We must be doing things right because we score highly in the ratings. For instance, Ernst & Young named us as “M&A Law Firm of the Year’ for 2006. We also took the Chambers ‘African Law Firm of the Year’ title for 2007 and have recently been awarded PLCWhich Lawyer: “Best Law firm of the Year: Africa 2008.” In 2007, again, we were highly ranked in M&A and Corporate Finance by Ernst & Young and Dealmakers.
“We have very strong international relationships with banks and foreign law firms. One of our prime strengths is that our team of lawyers is spread across all age groups and there’s a wide spread of knowledge and experience within each of those age groups, enabling us to cover all the angles for our clients.”
One of Bowman Gilfillan’s biggest recent projects was its role acting for Standard Bank in that institution’s sale of a 20 percent stake to Industrial & Commercial Bank of China – a $5.5bn deal stamped with superlatives. It’s the biggest ever single investment into South Africa and, at the time, China’s largest ever outward investment.

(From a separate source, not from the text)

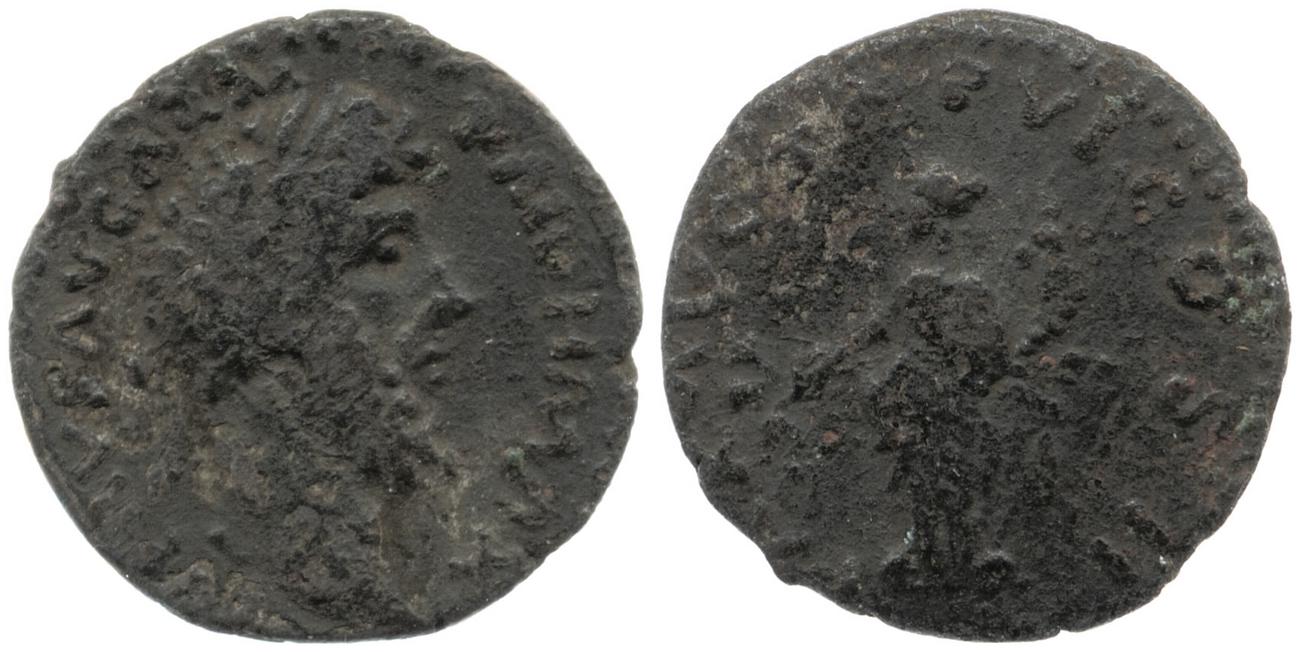 RIC III Marcus Aurelius 555, аверс, bm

“It was a surprisingly quick process,” recalls Jonathan, “Negotiations began in mid-September and six weeks later the heads of agreement were signed – and not one word of the deal leaked out, which was amazing.” Another major project for Bowman Gilfillan was the de-merger of PPC (Pretoria Portland Cement) from the massive Barloworld industrial conglomerate: “The business is now a free-standing independent, as is Freeworld Coatings, another former division of Barloworld.
Market capitalisation
In further major deals, the Tongaat – Hulett Group, with interests in steel and property, listed its massive Hulamin steel-making division with a market capitalisation of $2.28bn while Bowman Gilfillan was one of the legal advisors in the $279m sale of Anglo American’s shareholding in Anglo Gold-Ashanti – which was the biggest individual capital market spin-off ever seen in South Africa.
“Additionally, we have been advising Airports Company South Africa on raising $1.5bn to finance new developments and upgrades of its existing facilities and power company Eskom on their $38bn five-year capital investment programme, which is designed to deal with the ongoing power crisis that currently afflicts the country.

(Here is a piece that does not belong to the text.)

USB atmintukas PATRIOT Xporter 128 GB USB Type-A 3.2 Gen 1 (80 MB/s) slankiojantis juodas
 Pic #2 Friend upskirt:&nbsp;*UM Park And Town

“These and other deals reflect the upbeat nature of the economy, even if some individuals may feel rather less upbeat about their own circumstance in a country whose infrastructure needs a lot of updating and where crime rates are still worrying. And, of course, when America sneezes, Europe sneezes too and we catch a cold.
“We’ve been enjoying GDP growth of five per cent plus but the global slowdown means this is predicted to drop to around four percent this year.
“There’s still no shortage of things for us to do, especially as a major overhaul of South Africa’s corporate law, to bring it more into line with American practice, is now in its fourth draft and will be enacted in 2010.
“To help not just our clients but other members of the public to understand the new process we commenced holding a programme of in-house and public seminars in South Africa and abroad which will run for an 18 month period.”
Ezra Davids, head of the firm’s Corporate Department, takes up the theme: “Reflecting what’s happening globally, there’s been a bit of a tapering off, not in the number of M&A deals but in their size, and the bulk of them can now be described as mid-market.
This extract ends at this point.